----- Given data -----

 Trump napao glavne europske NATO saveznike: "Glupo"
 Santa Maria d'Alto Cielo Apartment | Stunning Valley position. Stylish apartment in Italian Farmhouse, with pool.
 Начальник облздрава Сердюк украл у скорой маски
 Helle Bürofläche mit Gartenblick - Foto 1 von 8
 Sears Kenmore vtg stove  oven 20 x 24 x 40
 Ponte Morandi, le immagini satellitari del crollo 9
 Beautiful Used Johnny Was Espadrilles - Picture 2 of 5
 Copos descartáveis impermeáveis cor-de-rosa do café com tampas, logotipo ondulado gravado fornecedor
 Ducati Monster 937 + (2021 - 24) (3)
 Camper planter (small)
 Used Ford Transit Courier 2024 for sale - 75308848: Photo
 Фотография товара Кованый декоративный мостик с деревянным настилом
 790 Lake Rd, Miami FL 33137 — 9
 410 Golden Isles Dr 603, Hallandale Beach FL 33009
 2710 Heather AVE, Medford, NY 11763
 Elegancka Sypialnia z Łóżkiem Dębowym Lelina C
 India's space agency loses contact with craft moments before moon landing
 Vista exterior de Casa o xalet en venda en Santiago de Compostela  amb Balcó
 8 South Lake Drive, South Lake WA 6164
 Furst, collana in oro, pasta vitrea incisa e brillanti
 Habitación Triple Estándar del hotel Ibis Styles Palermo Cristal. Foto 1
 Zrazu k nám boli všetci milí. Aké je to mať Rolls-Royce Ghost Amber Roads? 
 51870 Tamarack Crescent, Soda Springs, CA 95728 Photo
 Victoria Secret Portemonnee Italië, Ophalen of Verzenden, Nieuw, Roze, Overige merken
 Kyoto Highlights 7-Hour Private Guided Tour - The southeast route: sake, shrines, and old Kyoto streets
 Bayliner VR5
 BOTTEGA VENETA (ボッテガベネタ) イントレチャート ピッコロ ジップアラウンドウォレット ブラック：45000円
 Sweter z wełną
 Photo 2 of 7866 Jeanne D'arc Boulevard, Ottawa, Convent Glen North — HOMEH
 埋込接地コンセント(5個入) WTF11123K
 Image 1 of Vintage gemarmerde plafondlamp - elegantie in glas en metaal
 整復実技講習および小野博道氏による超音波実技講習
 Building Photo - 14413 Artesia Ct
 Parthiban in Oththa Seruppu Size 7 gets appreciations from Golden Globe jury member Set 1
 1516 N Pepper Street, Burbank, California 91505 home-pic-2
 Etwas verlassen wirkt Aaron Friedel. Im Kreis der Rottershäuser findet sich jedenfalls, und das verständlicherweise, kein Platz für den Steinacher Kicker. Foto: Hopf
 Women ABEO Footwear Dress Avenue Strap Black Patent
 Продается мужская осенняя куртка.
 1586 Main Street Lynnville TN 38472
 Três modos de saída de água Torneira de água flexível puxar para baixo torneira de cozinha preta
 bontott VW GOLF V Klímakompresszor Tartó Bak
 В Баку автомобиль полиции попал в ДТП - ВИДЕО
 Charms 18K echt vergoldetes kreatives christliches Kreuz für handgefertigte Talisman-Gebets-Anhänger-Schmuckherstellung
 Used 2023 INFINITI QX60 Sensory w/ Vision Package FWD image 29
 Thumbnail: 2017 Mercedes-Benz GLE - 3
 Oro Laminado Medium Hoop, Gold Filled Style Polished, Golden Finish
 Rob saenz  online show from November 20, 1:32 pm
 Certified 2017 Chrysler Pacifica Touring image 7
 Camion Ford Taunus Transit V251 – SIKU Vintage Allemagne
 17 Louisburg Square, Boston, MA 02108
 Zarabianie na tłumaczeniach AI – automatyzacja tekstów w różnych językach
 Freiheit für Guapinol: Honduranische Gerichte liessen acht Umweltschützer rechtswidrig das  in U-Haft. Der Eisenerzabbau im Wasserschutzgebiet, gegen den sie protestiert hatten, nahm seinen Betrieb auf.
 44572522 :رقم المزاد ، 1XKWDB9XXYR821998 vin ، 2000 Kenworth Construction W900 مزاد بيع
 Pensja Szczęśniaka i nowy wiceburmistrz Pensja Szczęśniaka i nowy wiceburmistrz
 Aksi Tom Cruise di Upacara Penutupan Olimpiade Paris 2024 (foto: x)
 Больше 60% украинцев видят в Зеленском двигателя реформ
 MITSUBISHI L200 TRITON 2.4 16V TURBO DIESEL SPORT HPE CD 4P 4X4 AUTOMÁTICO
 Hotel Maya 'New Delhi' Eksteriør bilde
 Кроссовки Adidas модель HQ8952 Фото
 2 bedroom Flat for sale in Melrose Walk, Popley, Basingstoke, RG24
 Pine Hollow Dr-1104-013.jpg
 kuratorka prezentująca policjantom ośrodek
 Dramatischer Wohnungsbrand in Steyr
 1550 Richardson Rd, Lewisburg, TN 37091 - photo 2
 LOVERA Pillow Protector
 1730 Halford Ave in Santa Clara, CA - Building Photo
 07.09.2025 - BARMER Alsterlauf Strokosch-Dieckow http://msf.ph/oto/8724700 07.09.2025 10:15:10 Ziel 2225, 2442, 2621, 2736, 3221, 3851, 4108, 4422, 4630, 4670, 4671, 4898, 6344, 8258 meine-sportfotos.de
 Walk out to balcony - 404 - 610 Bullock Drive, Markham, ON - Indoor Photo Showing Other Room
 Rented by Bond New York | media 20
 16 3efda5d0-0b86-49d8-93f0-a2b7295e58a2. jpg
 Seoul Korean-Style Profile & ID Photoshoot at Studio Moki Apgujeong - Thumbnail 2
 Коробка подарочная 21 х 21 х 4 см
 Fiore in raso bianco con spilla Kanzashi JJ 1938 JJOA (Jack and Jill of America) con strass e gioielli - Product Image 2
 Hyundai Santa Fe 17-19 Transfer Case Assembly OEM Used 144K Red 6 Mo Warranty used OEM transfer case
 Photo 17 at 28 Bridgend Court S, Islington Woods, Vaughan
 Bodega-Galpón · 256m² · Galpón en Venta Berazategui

-----

**What to work on:**
The job here is to write out all the entries again exactly.

**Result for this exercise:**
 Trump napao glavne europske NATO saveznike: "Glupo"
 Santa Maria d'Alto Cielo Apartment | Stunning Valley position. Stylish apartment in Italian Farmhouse, with pool.
 Начальник облздрава Сердюк украл у скорой маски
 Helle Bürofläche mit Gartenblick - Foto 1 von 8
 Sears Kenmore vtg stove  oven 20 x 24 x 40
 Ponte Morandi, le immagini satellitari del crollo 9
 Beautiful Used Johnny Was Espadrilles - Picture 2 of 5
 Copos descartáveis impermeáveis cor-de-rosa do café com tampas, logotipo ondulado gravado fornecedor
 Ducati Monster 937 + (2021 - 24) (3)
 Camper planter (small)
 Used Ford Transit Courier 2024 for sale - 75308848: Photo
 Фотография товара Кованый декоративный мостик с деревянным настилом
 790 Lake Rd, Miami FL 33137 — 9
 410 Golden Isles Dr 603, Hallandale Beach FL 33009
 2710 Heather AVE, Medford, NY 11763
 Elegancka Sypialnia z Łóżkiem Dębowym Lelina C
 India's space agency loses contact with craft moments before moon landing
 Vista exterior de Casa o xalet en venda en Santiago de Compostela  amb Balcó
 8 South Lake Drive, South Lake WA 6164
 Furst, collana in oro, pasta vitrea incisa e brillanti
 Habitación Triple Estándar del hotel Ibis Styles Palermo Cristal. Foto 1
 Zrazu k nám boli všetci milí. Aké je to mať Rolls-Royce Ghost Amber Roads? 
 51870 Tamarack Crescent, Soda Springs, CA 95728 Photo
 Victoria Secret Portemonnee Italië, Ophalen of Verzenden, Nieuw, Roze, Overige merken
 Kyoto Highlights 7-Hour Private Guided Tour - The southeast route: sake, shrines, and old Kyoto streets
 Bayliner VR5
 BOTTEGA VENETA (ボッテガベネタ) イントレチャート ピッコロ ジップアラウンドウォレット ブラック：45000円
 Sweter z wełną
 Photo 2 of 7866 Jeanne D'arc Boulevard, Ottawa, Convent Glen North — HOMEH
 埋込接地コンセント(5個入) WTF11123K
 Image 1 of Vintage gemarmerde plafondlamp - elegantie in glas en metaal
 整復実技講習および小野博道氏による超音波実技講習
 Building Photo - 14413 Artesia Ct
 Parthiban in Oththa Seruppu Size 7 gets appreciations from Golden Globe jury member Set 1
 1516 N Pepper Street, Burbank, California 91505 home-pic-2
 Etwas verlassen wirkt Aaron Friedel. Im Kreis der Rottershäuser findet sich jedenfalls, und das verständlicherweise, kein Platz für den Steinacher Kicker. Foto: Hopf
 Women ABEO Footwear Dress Avenue Strap Black Patent
 Продается мужская осенняя куртка.
 1586 Main Street Lynnville TN 38472
 Três modos de saída de água Torneira de água flexível puxar para baixo torneira de cozinha preta
 bontott VW GOLF V Klímakompresszor Tartó Bak
 В Баку автомобиль полиции попал в ДТП - ВИДЕО
 Charms 18K echt vergoldetes kreatives christliches Kreuz für handgefertigte Talisman-Gebets-Anhänger-Schmuckherstellung
 Used 2023 INFINITI QX60 Sensory w/ Vision Package FWD image 29
 Thumbnail: 2017 Mercedes-Benz GLE - 3
 Oro Laminado Medium Hoop, Gold Filled Style Polished, Golden Finish
 Rob saenz  online show from November 20, 1:32 pm
 Certified 2017 Chrysler Pacifica Touring image 7
 Camion Ford Taunus Transit V251 – SIKU Vintage Allemagne
 17 Louisburg Square, Boston, MA 02108
 Zarabianie na tłumaczeniach AI – automatyzacja tekstów w różnych językach
 Freiheit für Guapinol: Honduranische Gerichte liessen acht Umweltschützer rechtswidrig das  in U-Haft. Der Eisenerzabbau im Wasserschutzgebiet, gegen den sie protestiert hatten, nahm seinen Betrieb auf.
 44572522 :رقم المزاد ، 1XKWDB9XXYR821998 vin ، 2000 Kenworth Construction W900 مزاد بيع
 Pensja Szczęśniaka i nowy wiceburmistrz Pensja Szczęśniaka i nowy wiceburmistrz
 Aksi Tom Cruise di Upacara Penutupan Olimpiade Paris 2024 (foto: x)
 Больше 60% украинцев видят в Зеленском двигателя реформ
 MITSUBISHI L200 TRITON 2.4 16V TURBO DIESEL SPORT HPE CD 4P 4X4 AUTOMÁTICO
 Hotel Maya 'New Delhi' Eksteriør bilde
 Кроссовки Adidas модель HQ8952 Фото
 2 bedroom Flat for sale in Melrose Walk, Popley, Basingstoke, RG24
 Pine Hollow Dr-1104-013.jpg
 kuratorka prezentująca policjantom ośrodek
 Dramatischer Wohnungsbrand in Steyr
 1550 Richardson Rd, Lewisburg, TN 37091 - photo 2
 LOVERA Pillow Protector
 1730 Halford Ave in Santa Clara, CA - Building Photo
 07.09.2025 - BARMER Alsterlauf Strokosch-Dieckow http://msf.ph/oto/8724700 07.09.2025 10:15:10 Ziel 2225, 2442, 2621, 2736, 3221, 3851, 4108, 4422, 4630, 4670, 4671, 4898, 6344, 8258 meine-sportfotos.de
 Walk out to balcony - 404 - 610 Bullock Drive, Markham, ON - Indoor Photo Showing Other Room
 Rented by Bond New York | media 20
 16 3efda5d0-0b86-49d8-93f0-a2b7295e58a2. jpg
 Seoul Korean-Style Profile & ID Photoshoot at Studio Moki Apgujeong - Thumbnail 2
 Коробка подарочная 21 х 21 х 4 см
 Fiore in raso bianco con spilla Kanzashi JJ 1938 JJOA (Jack and Jill of America) con strass e gioielli - Product Image 2
 Hyundai Santa Fe 17-19 Transfer Case Assembly OEM Used 144K Red 6 Mo Warranty used OEM transfer case
 Photo 17 at 28 Bridgend Court S, Islington Woods, Vaughan
 Bodega-Galpón · 256m² · Galpón en Venta Berazategui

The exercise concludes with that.